* WORK INSTRUCTIONS
Print exactly the first lines of the records. Stop after the line containing "Retro Hip-Hop Evil", and leave every picture out.

* DATA TO PROCESS
============================================================

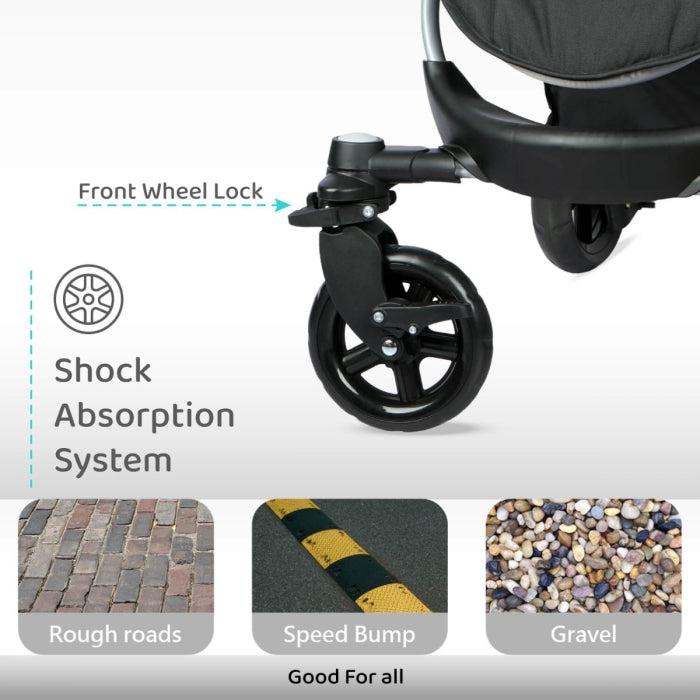 R for Rabbit Chocolate Ride Stroller For Kids - Reversible Handle, Multiple Recline Positions, Cup Holder with Meal Tray, 5 Point Safety Harness, Storage Basket PRAM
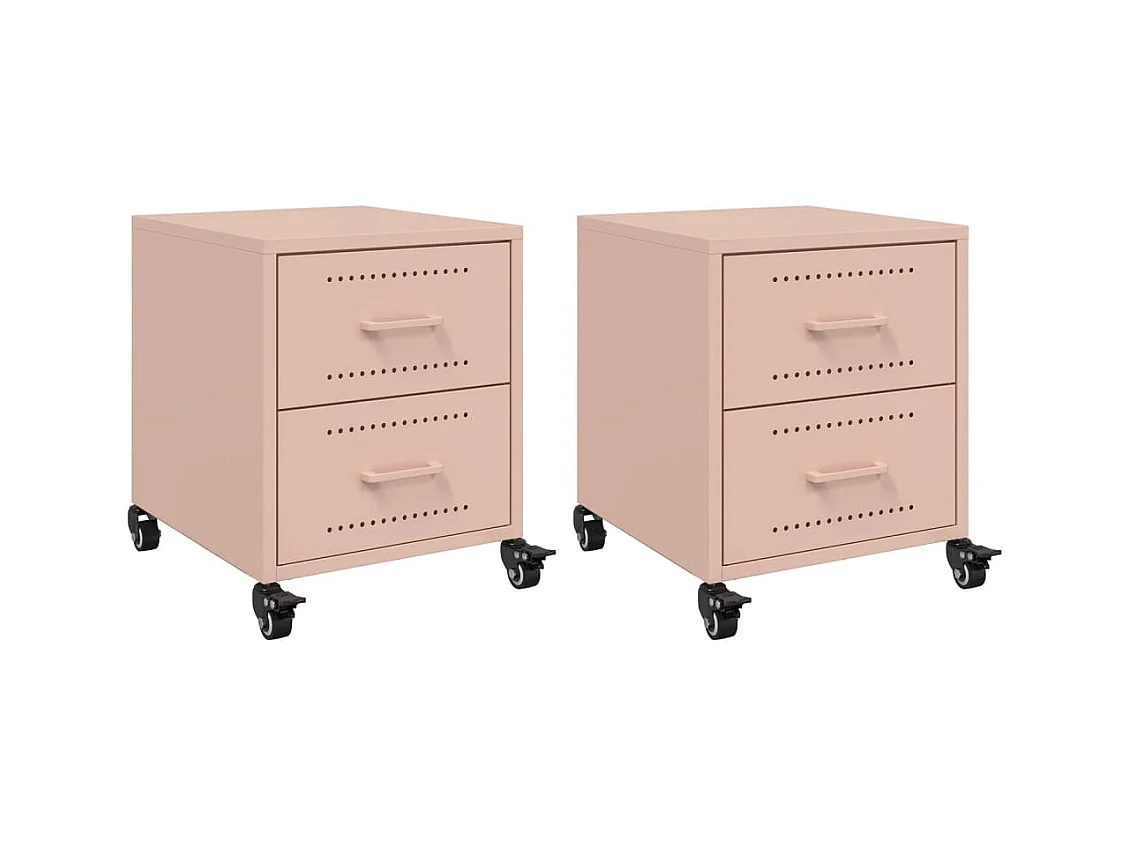 Tables de chevet 2 pcs rose 36x39x43,5 cm acier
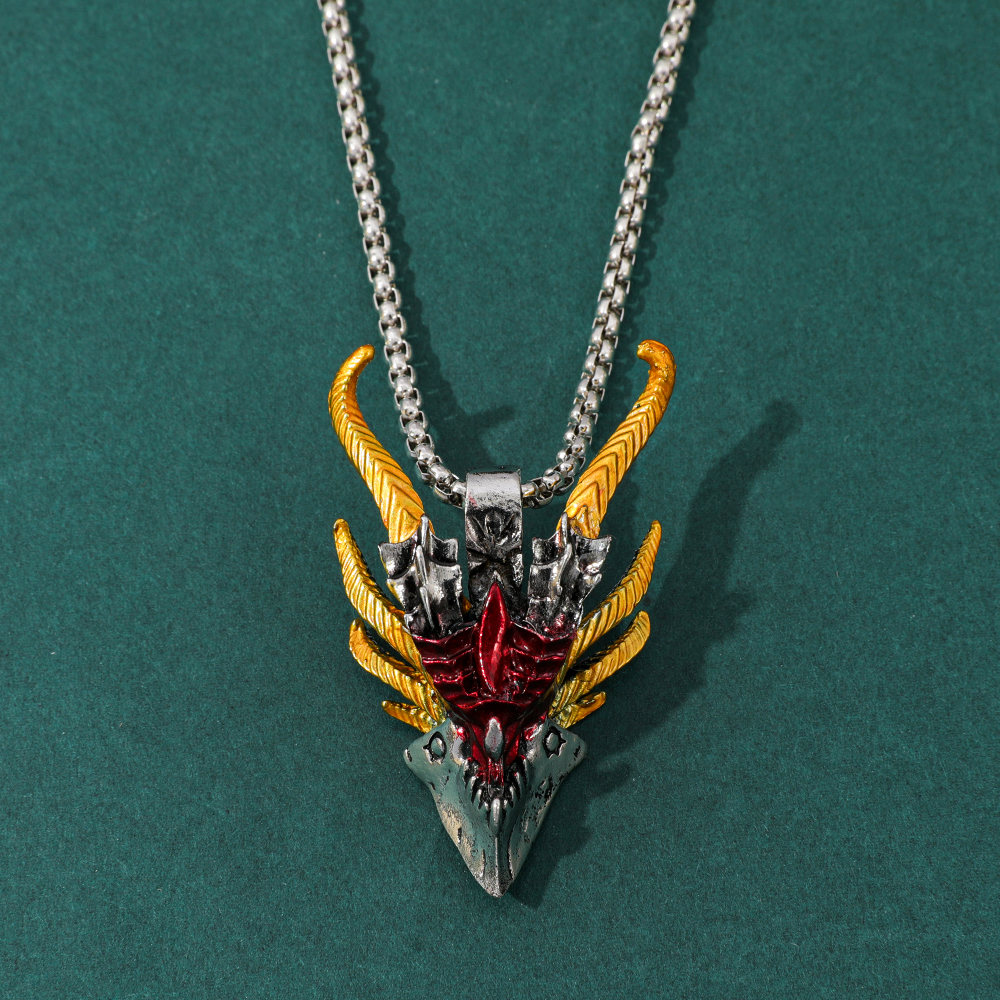Retro Hip-Hop Evil Dragon Head - Men Accessories Jewelry บทวิจารณ์และราคา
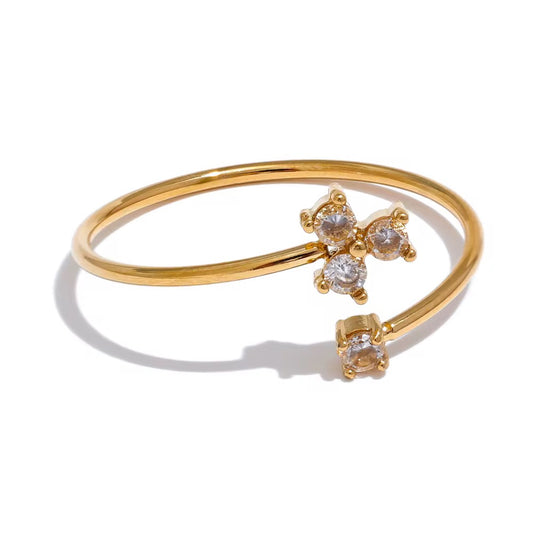 Bague fleur zircon – acier inoxydable doré 18K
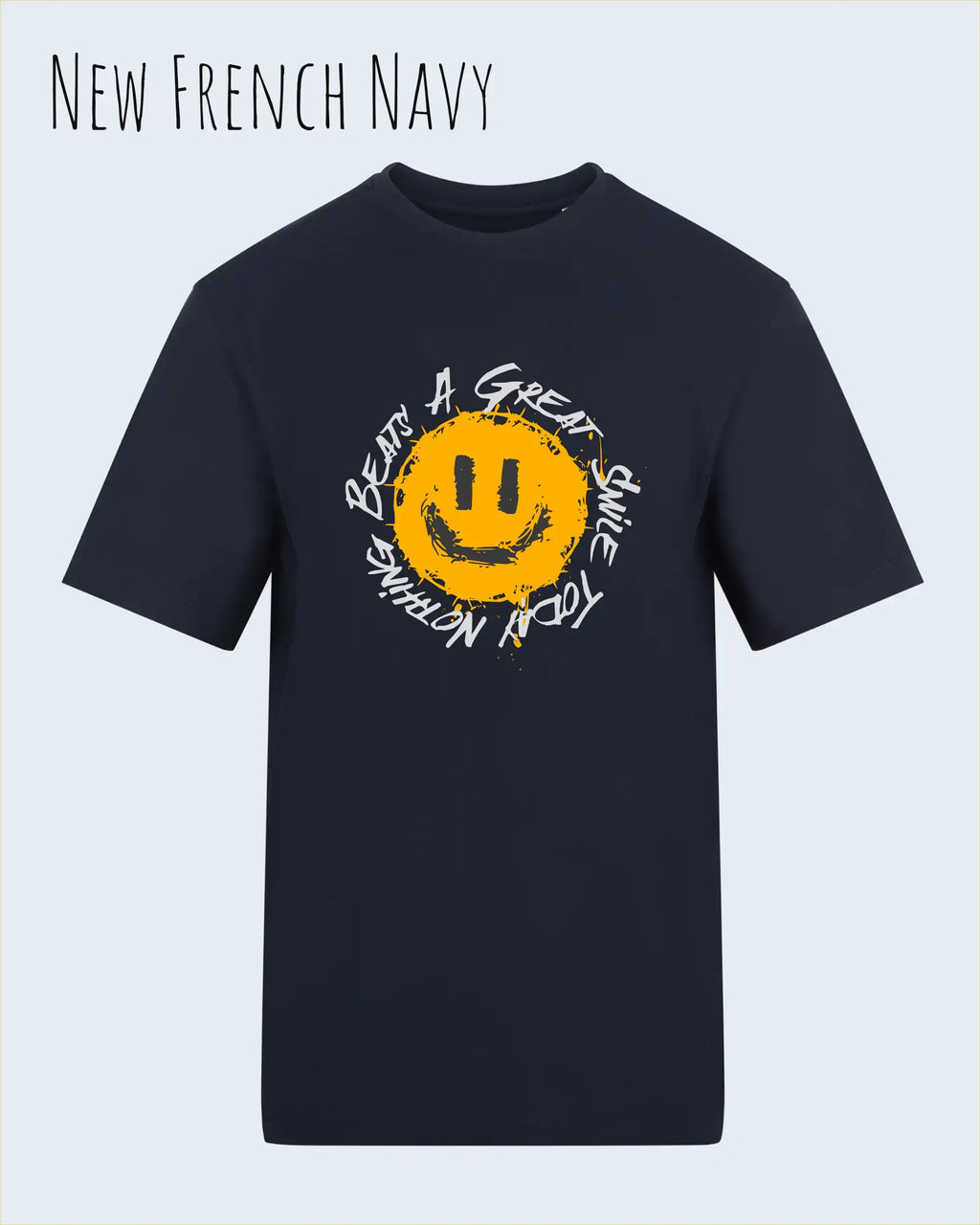 Das Bild zeigt das T-Shirt AWDIS 180 T in der Farbe new french navy mit dem Design Nothing beats a great smile.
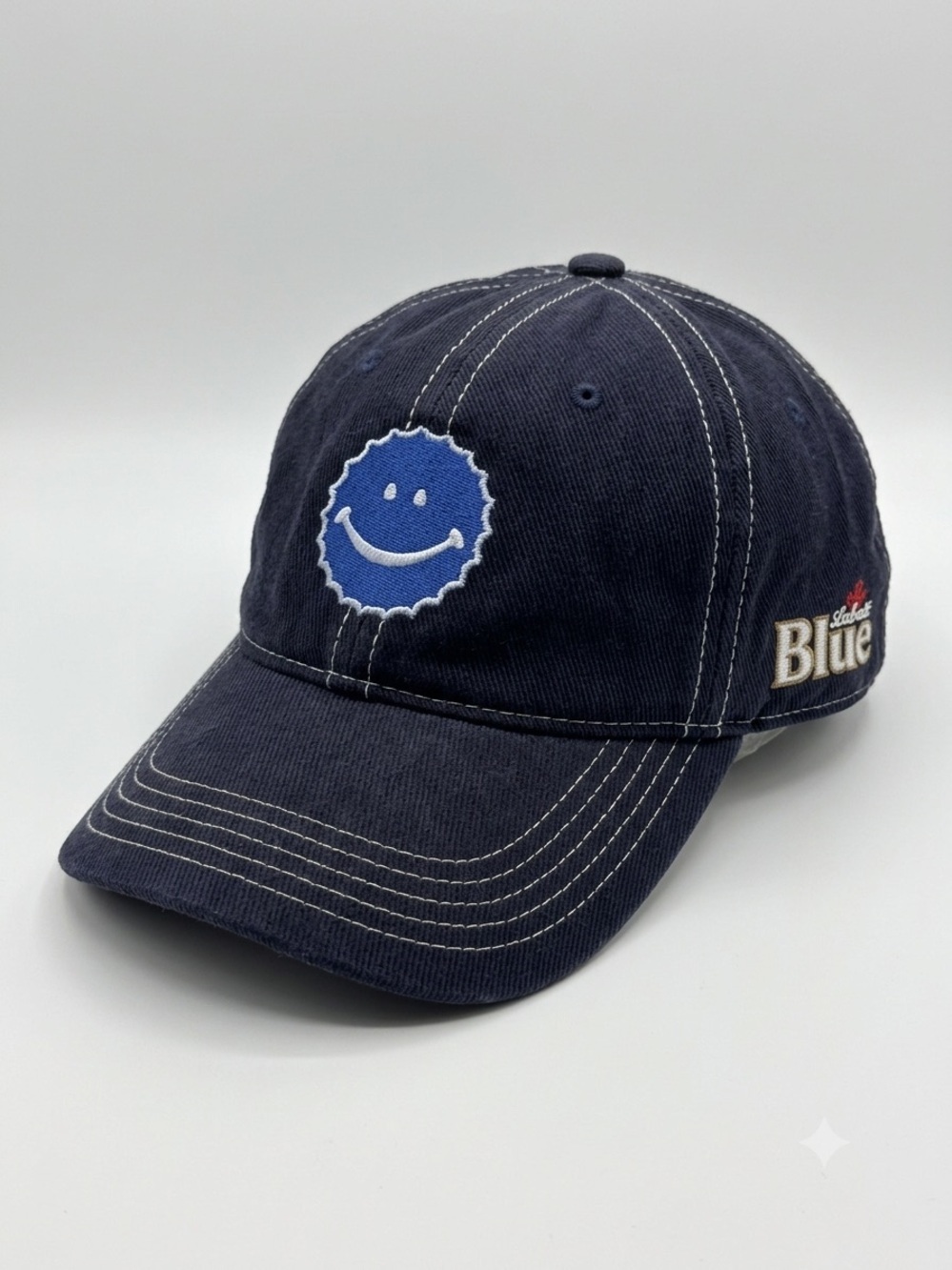 Sporto Navy Blue Smiley Patch Baseball Cap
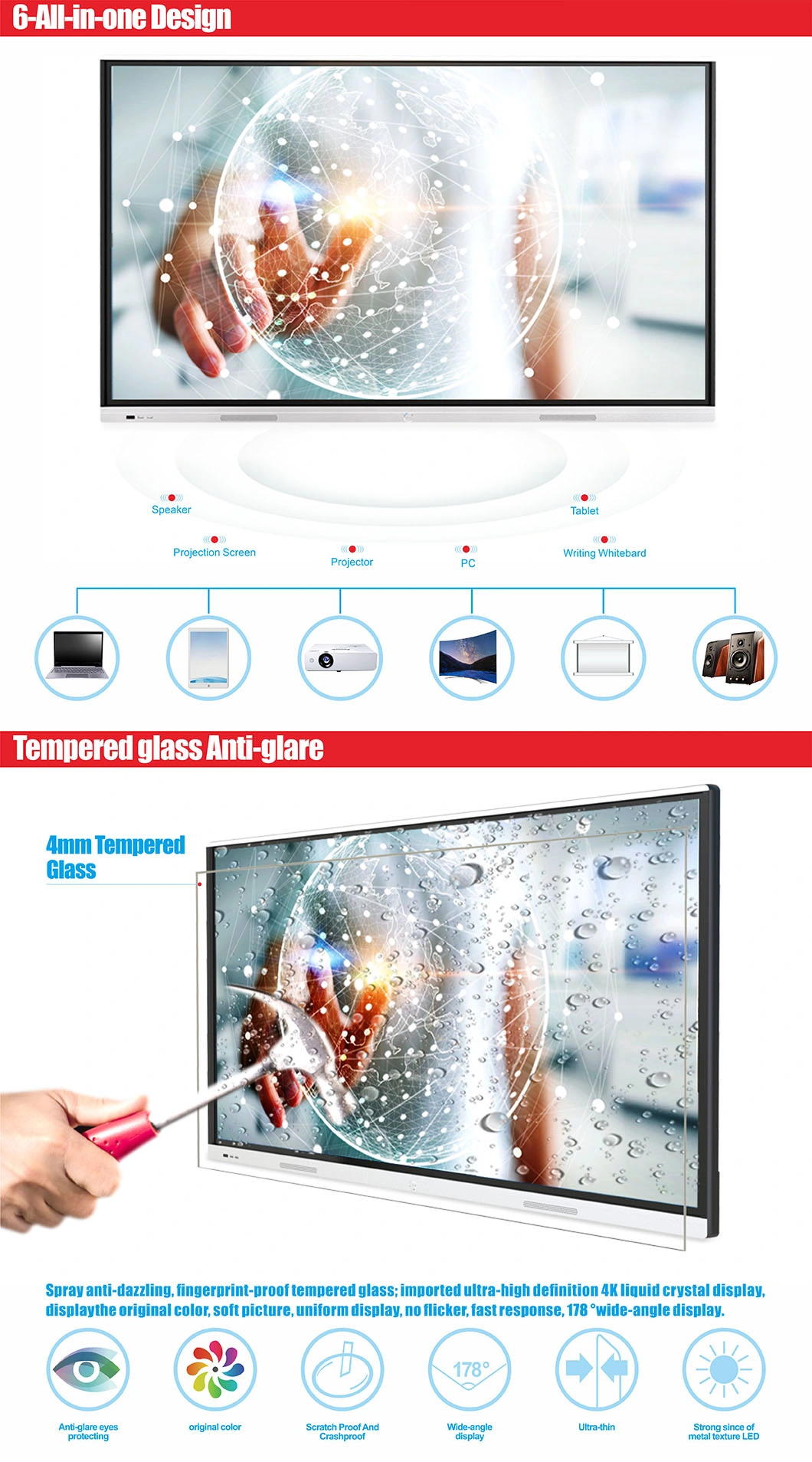 T6 Series Nesting 55 Inch SKD IR Finger Touch Portable Interactive Whiteboard with LCD Touch Panel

============================================================

* RESPONSE
 R for Rabbit Chocolate Ride Stroller For Kids - Reversible Handle, Multiple Recline Positions, Cup Holder with Meal Tray, 5 Point Safety Harness, Storage Basket PRAM
 Tables de chevet 2 pcs rose 36x39x43,5 cm acier
Retro Hip-Hop Evil Dragon Head - Men Accessories Jewelry บทวิจารณ์และราคา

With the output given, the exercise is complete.